United States District Court, E.D. Wisconsin

July 11, 2019

JANTZEN L. BOND, Defendant.



         On July 13, 2018, Judge Joseph issued a criminal complaint and arrest warrant for defendant Jantzen Bond. Dkt. No. 1. The defendant was arrested on July 17, 2018 and made an initial appearance before Judge Duffin that same day. Dkt. No. 2. At that hearing, the defendant reserved his right to argue for bond at a later date; Judge Duffin ordered him detained pending trial. Dkt. No. 2. A week later, the grand jury returned a seven-count indictment charging the defendant with (1) possessing with intent to distribute 100 grams or more of heroin; (2) possessing a firearm in furtherance of a drug trafficking offense; (3) being a felon in possession of a firearm; (4) possessing with intent to distribute 100 grams or more of heroin and possessing with intent to distribute 500 grams or more of cocaine; (5) possessing with intent to distribute cocaine; (6) possessing a firearm in furtherance of a drug trafficking offense; and (7) being felon in possession of a firearm. Dkt. No. 9. The defendant appeared before Judge Duffin for arraignment and plea on July 26, 2018 and Judge Duffin continued the defendant's detention status. Dkt. No. 10.

         On November 8, 2018, the defendant filed a motion asking Judge Duffin to review his bond status. Dkt. No. 20. Judge Duffin held a hearing on the motion, and the defendant asked to be released on conditions. Dkt. No. 21. The minutes of the hearing reflect that Judge Duffin declined to release the defendant because the defendant's arguments failed to address the danger he posed to the community. Id. at 3. Seven and a half months later, the defendant has asked this court to review Judge Duffin's decision and to release him. Dkt. No. 31. The court grants the defendant's request to review Judge Duffin's detention order but declines to release the defendant.
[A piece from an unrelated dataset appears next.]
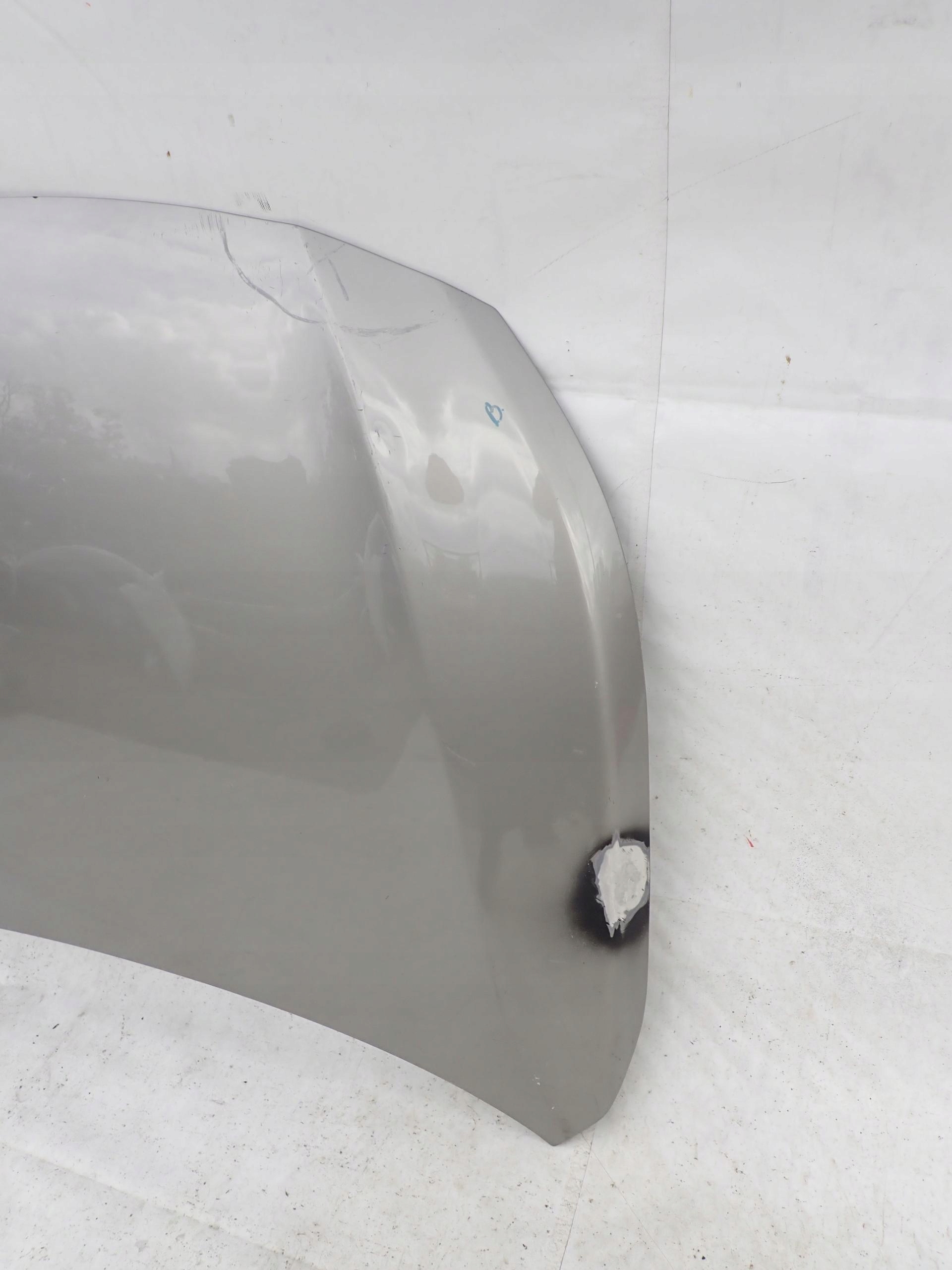 SUBARU LEGACY OUTBACK 15- Motorhaube Fronthaube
         This court reviews the question of whether to release the defendant de novo. 18 U.S.C. §3145(a); United States v. Hammond, 204 F.Supp.2d 1157, 1162 (E.D. Wis. 2002) (citations omitted). Based on the record and the defendant's submissions, the court has enough information to decide without holding a hearing. In addition to the arguments the made at the November 16, 2018 hearing, the defendant's motion for review of Judge Duffin's bond determination offered the following: (1) The defendant's mother and aunt would offer as collateral the residence at 4508 N. 29th Street in Milwaukee, which the defendant's grandmother previously owned and which the defendant represents has a value of $48, 800; and (2) the defendant would be willing to submit to a condition of electronic monitoring with twenty-four-hour home confinement. Dkt. No. 31 at 2. The defendant asserts that these two conditions are enough to secure his appearance and ensure the safety of the community.
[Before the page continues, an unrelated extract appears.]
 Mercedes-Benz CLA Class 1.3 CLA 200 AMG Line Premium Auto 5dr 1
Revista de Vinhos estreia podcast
         Section 3142(g) of Title 18 of the United States Code lists the factors a court must consider in deciding whether there is any combination of conditions that will “reasonably assure the appearance of the person as required and the safety of any other person and the community.” Those factors include (1) the nature and circumstances of the offense; (2) the weight of the evidence; (3) the history and characteristics of the person; and (4) the nature and seriousness of the danger to any person or the community that would be posed by the defendant's release. 18 U.S.C. §3142(g)(1)-(4). Judge Duffin opined that the plaintiff's family support and community ties and his mother's willingness to post her home mitigated the risk of the defendant's non-appearance, but ordered the defendant detained because he found that these things did not mitigate any risk that the defendant posed a danger to others or the community. Dkt. No. 21 at 3.

         The grand jury charged the defendant with seven offenses covering three incidents that occurred over a ten-month period. The indictment alleges that in September 2017, the defendant possessed more than 100 grams of heroin and three guns-a rifle, a 9mm handgun and a .380 handgun (Counts One through Three). Dkt. No. 9. The indictment alleges that in February 2018 (some five months later), the defendant possessed over 100 grams of heroin and over 500 grams of cocaine (Count Four). Id. The indictment concludes by alleging that in July of 2018 (another five months later), the defendant possessed an unidentified amount of cocaine, a rifle and a Ruger .357 Magnum handgun (Counts Five through Seven). Id. The indictment concludes with a forfeiture notice, alleging that the government seized $15, 071 and two cars. Id.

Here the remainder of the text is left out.